Emacs Still an Indispensible Text Editor

It has been over 15 years since I first knew of Emacs and started using it as
part of my workflow. Even today, I still very clearly remember the keyboard
shortcuts to navigate in info-mode, as I’ve been spending a great deal of time
in info-mode in the early days when the Internet was not yet as convenient,
available and resource-rich as it is today. These commands are just like muscle
memory, that probably would never ever elude me again.

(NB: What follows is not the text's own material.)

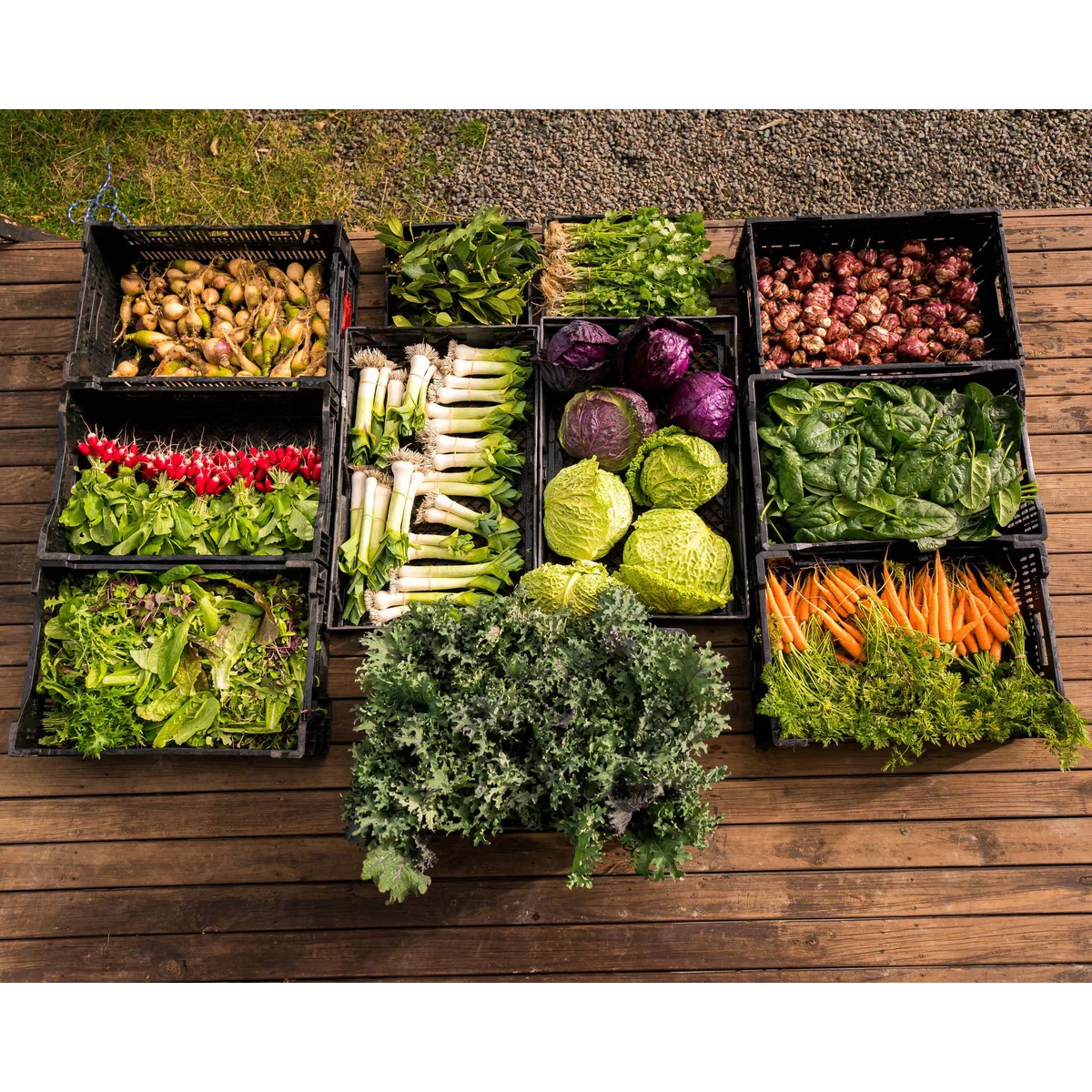 Fat Pig Produce organic veg box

In the early days, good text editors were a rare species, and there were no Atom, Sublime Text, or VS Code as every developer uses today. Only Emacs and Vim. What hooked me up with Emacs instead of Vim might be its supreme support for the Lisp language, at a time when machine learning just started to rekindle (again), when deep learning wasn’t even a thing, and when people talked about AI, they mostly were referring to expert systems where many were programmed in Lisp.
I later have used Emacs extensively, almost on a daily basis, for a variety of things, including but are not limited to:
- Learning the common lisp language
- Following through the SICP book using MIT Scheme
- Learning the Coq proof assistant in the awesome Software Foundations class by Professor Pierce
- Learning OCaml, Standard ML, and Haskell out of self interest
- Writing a number of theses and dissertations in LaTeX, with the help of AucTeX
- Spinning up Eshell to perform quick commands, which is especially handy on Windows before the days of Windows Terminal
- Using Tramp mode to access remote files
Surprisingly enough, I am doing nearly none of the above things nowadays. While my interests in Lisp, Scheme, OCaml, Haskell, and programming languages in general remain, I am seldomly programming anything in these languages. I have also left LaTeX behind for a while, and if I ever need to use it, Overleaf is fulfilling my need most of the time. I seldom use Eshell now as switching to a handy terminal window is a breeze thanks to iTerm2. Remote access also got much easier, and things I do on remote machines seldomly need fancy Emacs-fu.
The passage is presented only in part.